> Record set:

=-=-=

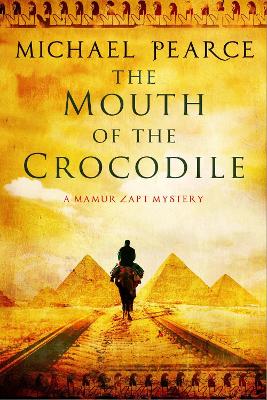 Book cover for The Mouth of the Crocodile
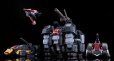 画像11: MODEROID 『超獣機神ダンクーガ』 ダンクーガ (11)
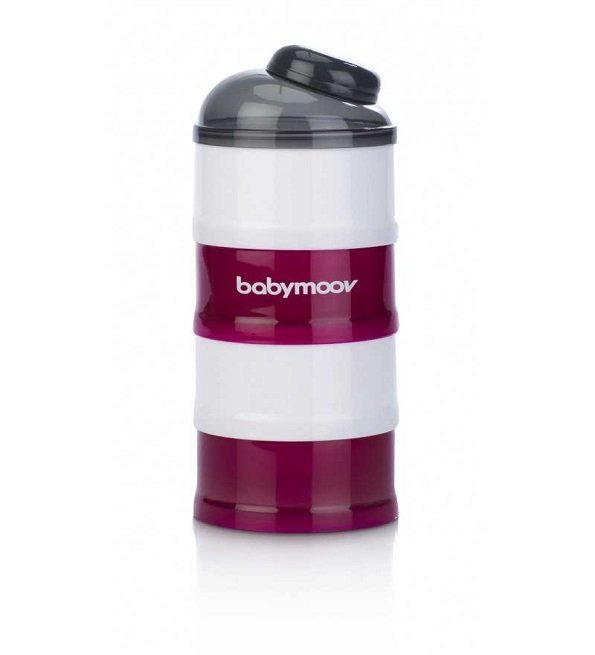 doseur-de-lait-babydose-cherry-babymoov Babymoov Doseur de Lait Babydose Cherry Ref A004212 – Image 1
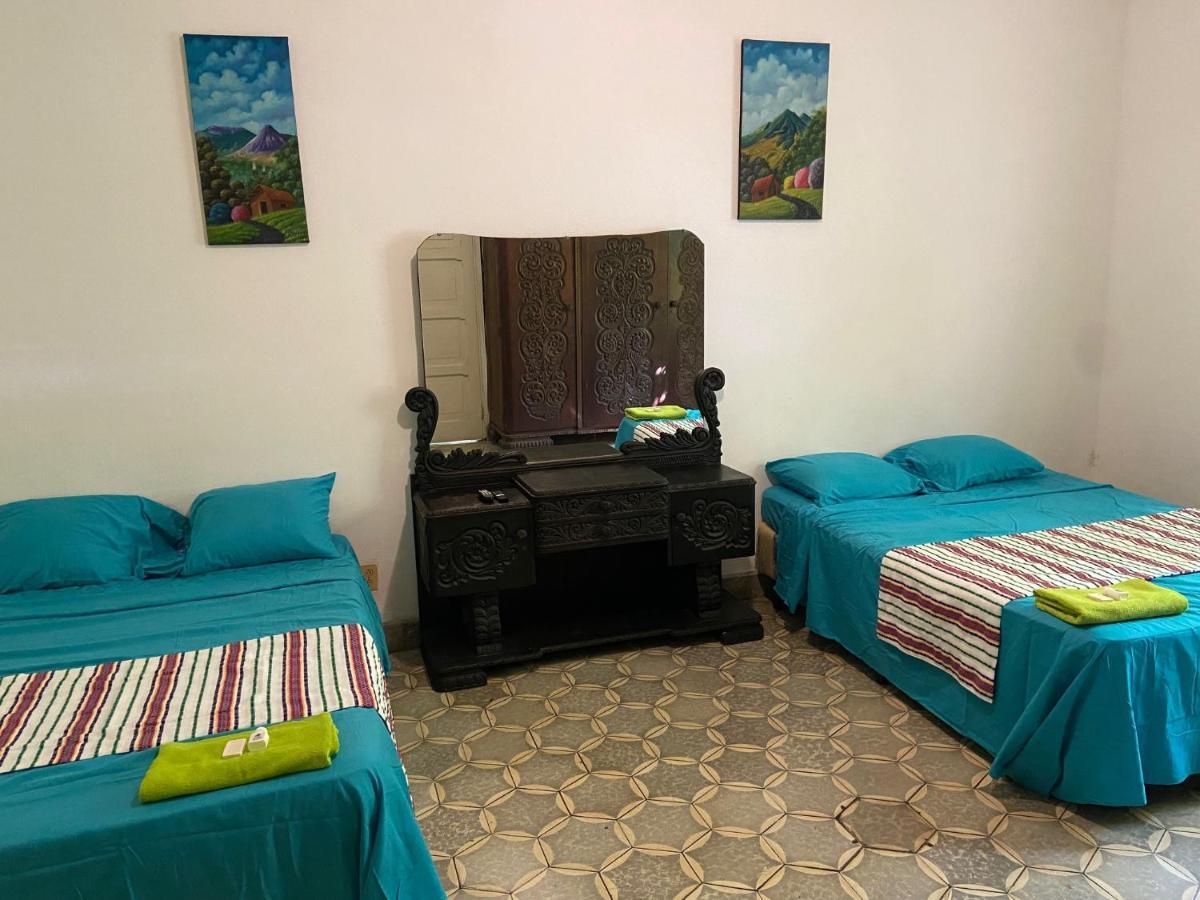 Hostal Cumbres Del Volcan Flor Blanca ซานซัลวาดอร์ ภายนอก รูปภาพ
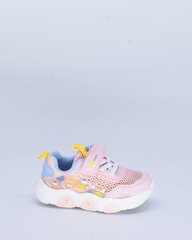 Обувь в спортивном стиле  для девочек, Kenka, розовые цена и информация | Детская спортивная обувь | 220.lv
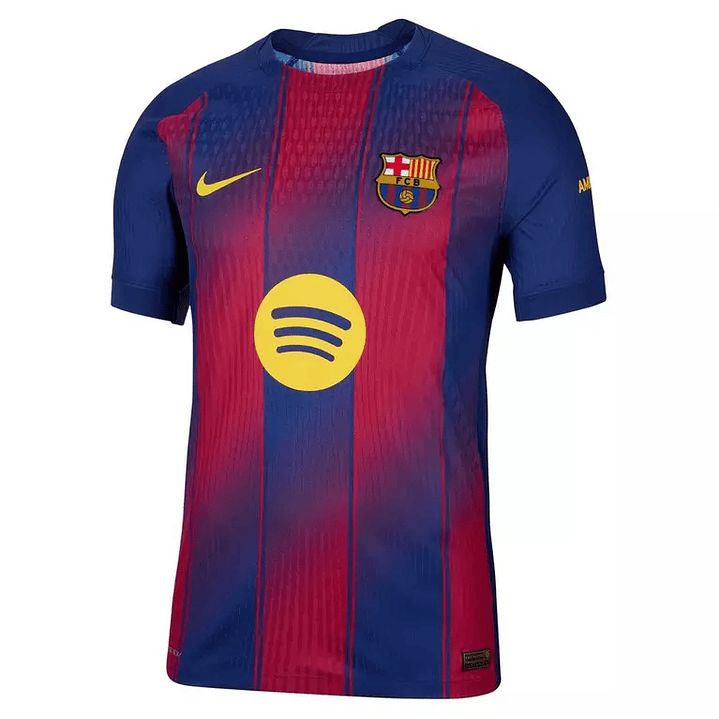 FC Barcelona 25/26 Home Kit 1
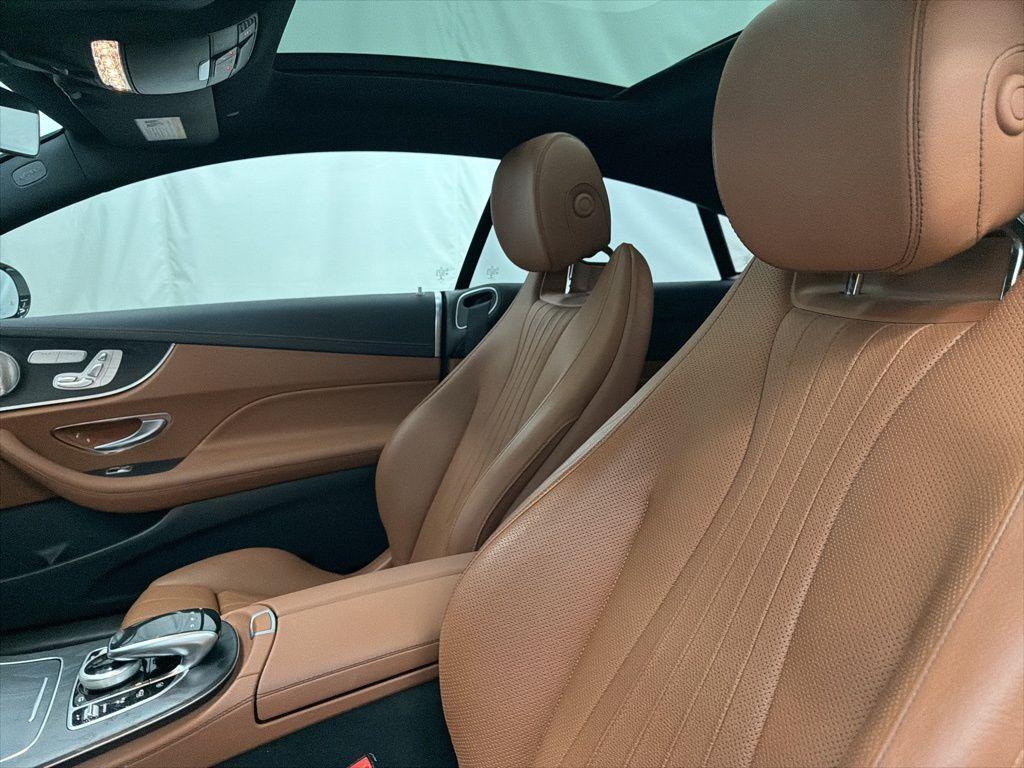 used 2018 Mercedes-Benz E-Class car, priced at $24,900
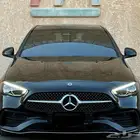 مرسيدس c200 2024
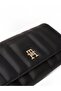 محفظة TH FEMININE LRG FLAP للسيدات باللون الأسود - AW0AW17475 - 2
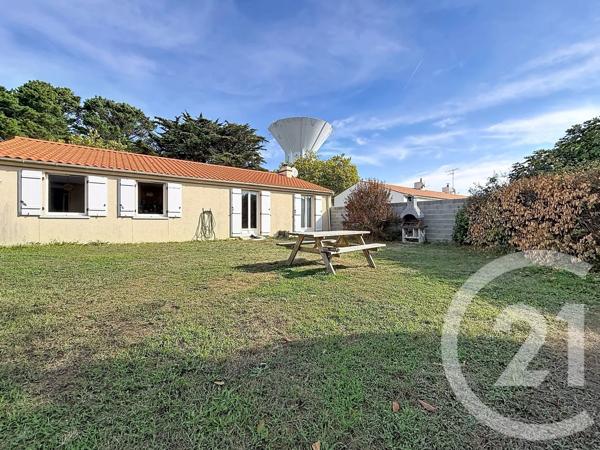 Maison à vendre  5 pièces - 121,49 m 2   ST HILAIRE DE RIEZ  - 85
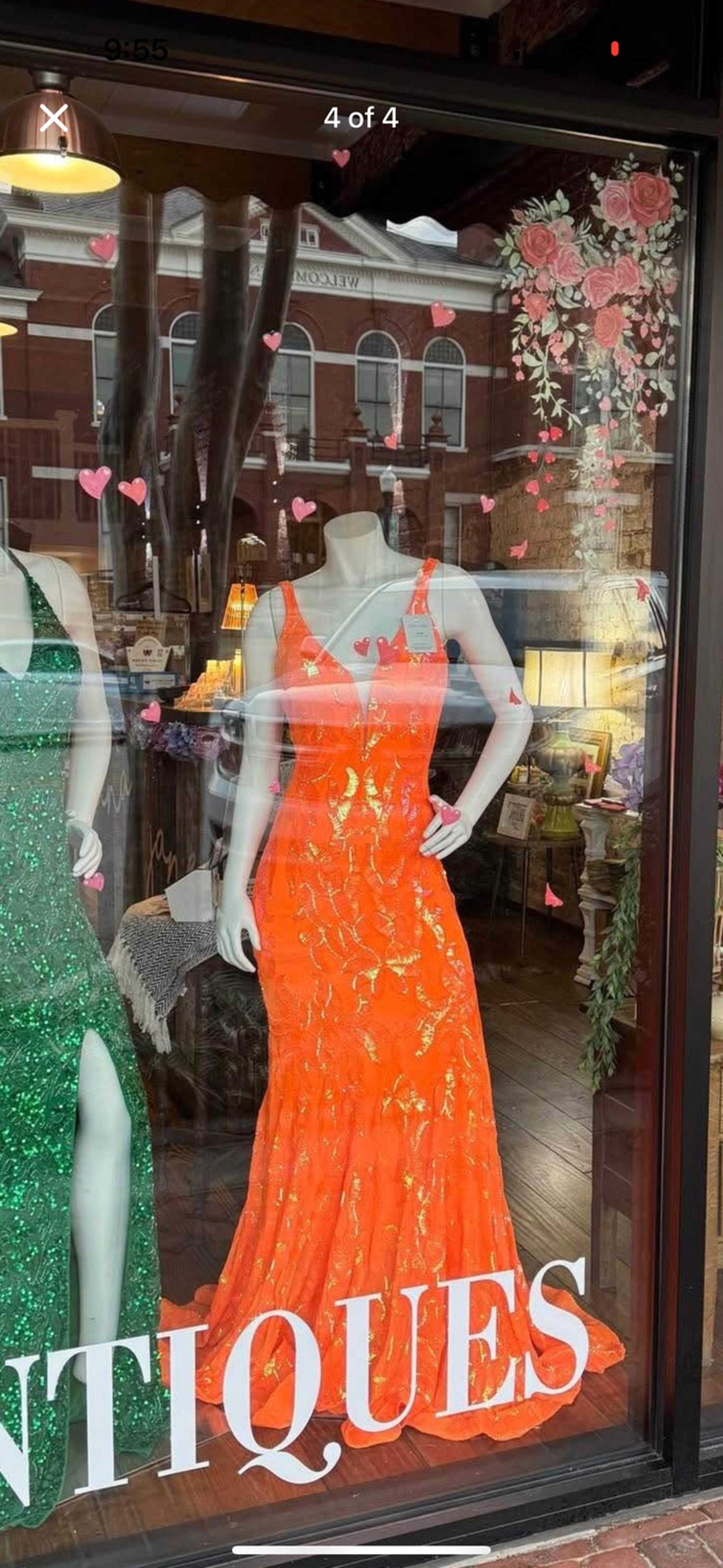 Jovani 3263 dress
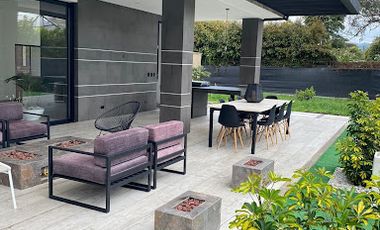 VENTA de CASA RESIDENCIAL en CAJICA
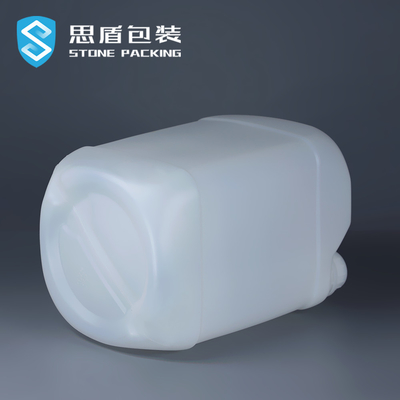 Peignez le plastique Jerry Can Containers With Handle 558g du HDPE 10L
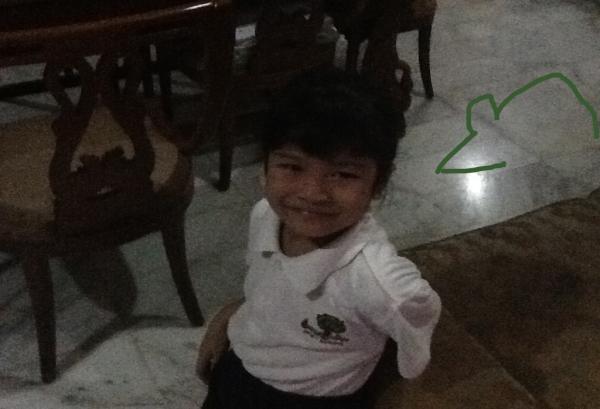 #drawfreeforipad - Check Out My Drawing.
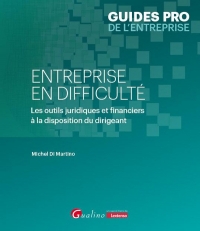 Le dirigeant face à sa société en difficulté: Guide indispensable pour appréhender tous les défis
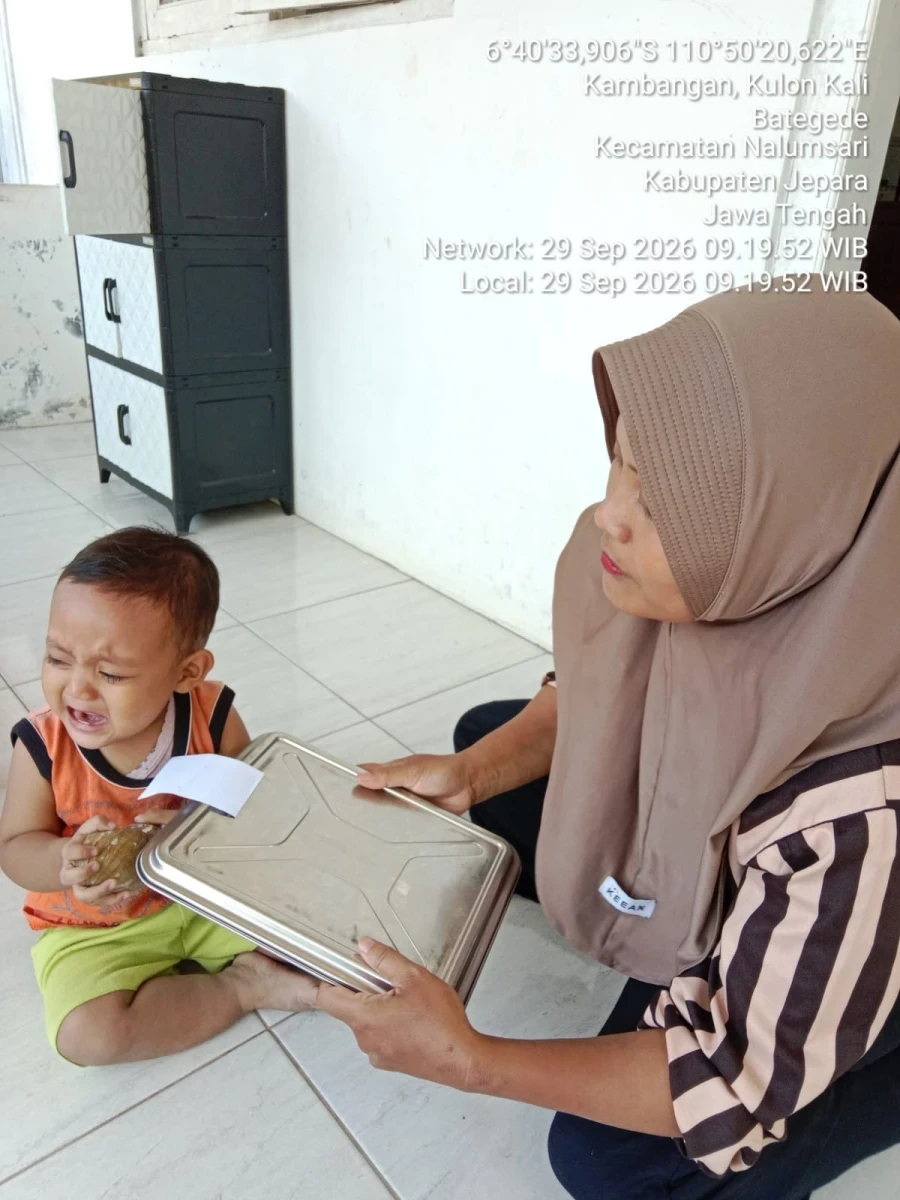 Posyandu ngudi waras dukuh kambangan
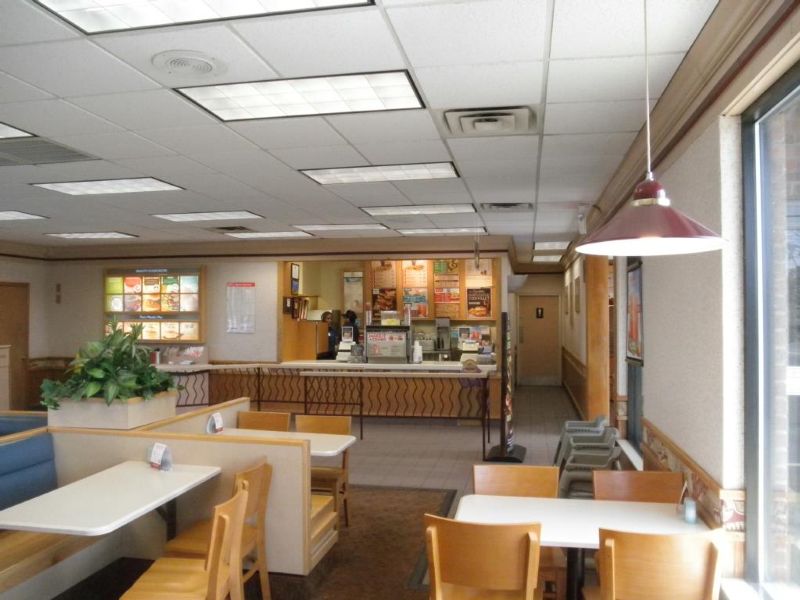 Wendy's Remodel - Shadeland, Indiana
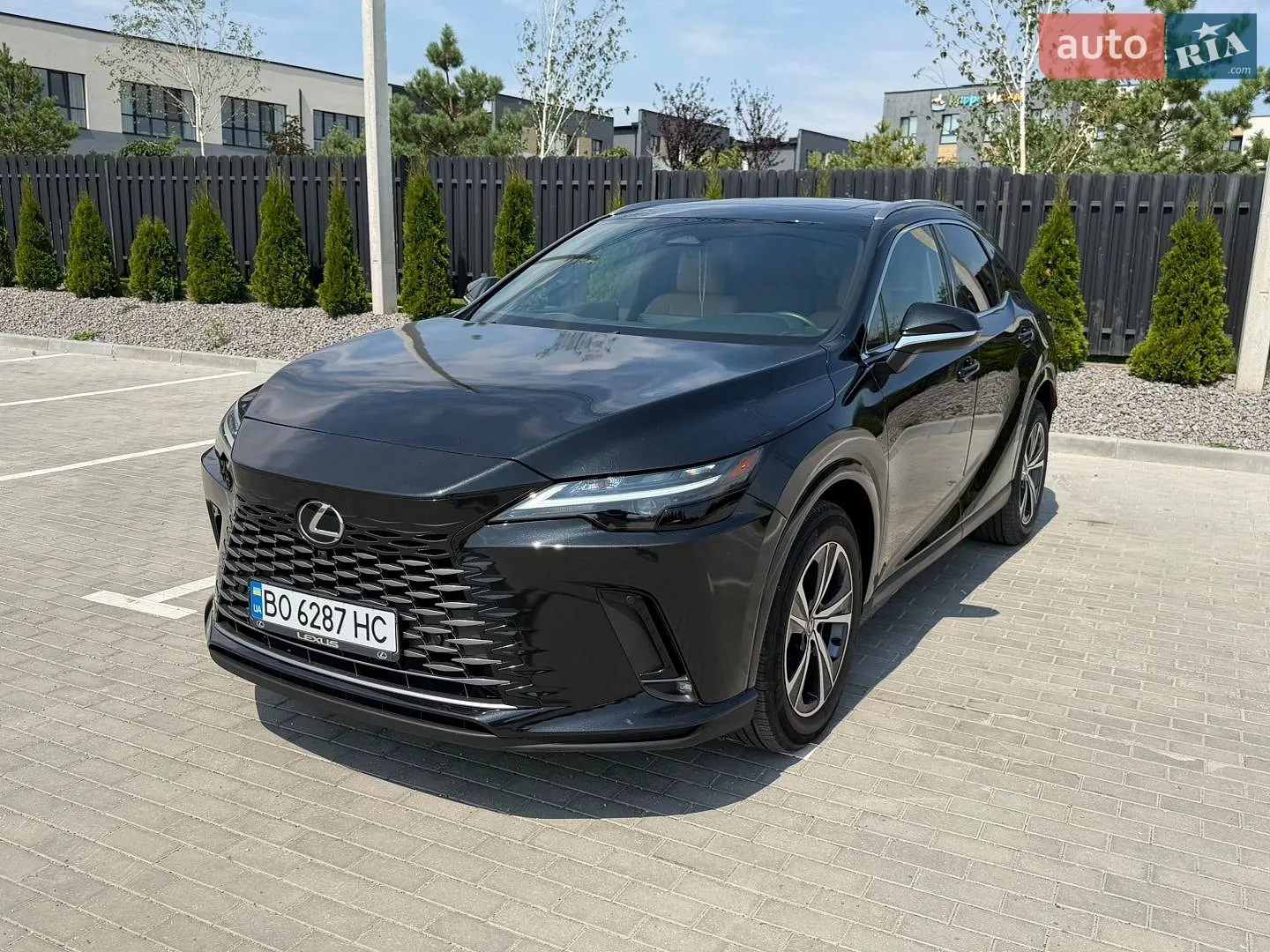 2024 Lexus RX - мініатюра 5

=-=-=

> Assignment:
Produce a verbatim copy of all records, minus pictures.

> Problem solution:
 Book cover for The Mouth of the Crocodile
 画像11: MODEROID 『超獣機神ダンクーガ』 ダンクーガ (11)
 doseur-de-lait-babydose-cherry-babymoov Babymoov Doseur de Lait Babydose Cherry Ref A004212 – Image 1
 Hostal Cumbres Del Volcan Flor Blanca ซานซัลวาดอร์ ภายนอก รูปภาพ
 Обувь в спортивном стиле  для девочек, Kenka, розовые цена и информация | Детская спортивная обувь | 220.lv
 FC Barcelona 25/26 Home Kit 1
 used 2018 Mercedes-Benz E-Class car, priced at $24,900
 مرسيدس c200 2024
 محفظة TH FEMININE LRG FLAP للسيدات باللون الأسود - AW0AW17475 - 2
 Maison à vendre  5 pièces - 121,49 m 2   ST HILAIRE DE RIEZ  - 85
 Jovani 3263 dress
 VENTA de CASA RESIDENCIAL en CAJICA
 Peignez le plastique Jerry Can Containers With Handle 558g du HDPE 10L
 #drawfreeforipad - Check Out My Drawing.
 Le dirigeant face à sa société en difficulté: Guide indispensable pour appréhender tous les défis
 Posyandu ngudi waras dukuh kambangan
 Wendy's Remodel - Shadeland, Indiana
 2024 Lexus RX - мініатюра 5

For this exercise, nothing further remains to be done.